Given everything, I think the person I feel the worst for though, is Simi. I cannot imagine her life as the other woman- the one who pursues a man older than her own father, waits for him to finish having dinner with his family so that she can sneak him into her parent’s house, stalking his daughter on social media and begging him to not text his family when he’s with her. She is completely content being someone’s dirty little secret for years. She clearly has no moral compass or compassion. She has no dignity or respect for herself or others, and I have never met anyone who could be so intentionally cruel. She knew from the very beginning that my father was married and had a family, yet she pursued him to the point of asking him to divorce my mother and come out as a couple.

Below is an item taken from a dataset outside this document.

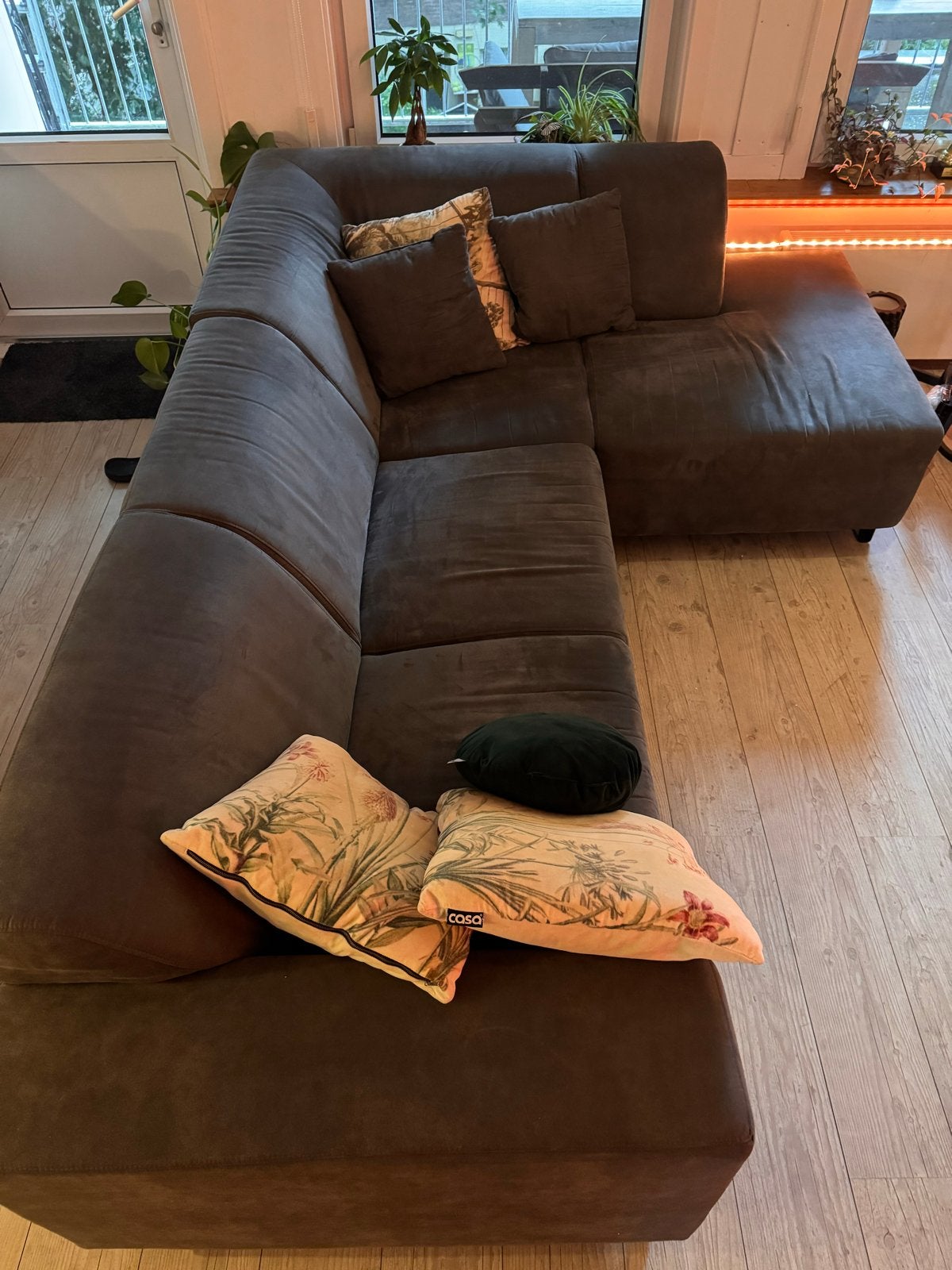 Goed onderhouden hoekbank met chaise longue, Ophalen, 250 tot 300 cm, Hoekbank, Zo goed als nieuw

She insulted and threatened a heartbroken woman after wrecking her life… I don’t know how she can sleep at night. The solace that I find from this situation is that I know that my mom and I will be okay. She is, and always will be my best friend, and I am so lucky to have her to guide me in the right direction- because no matter what we have gone through in the past, we could never do what Simi Jain did to us, and we will not be broken down ever again.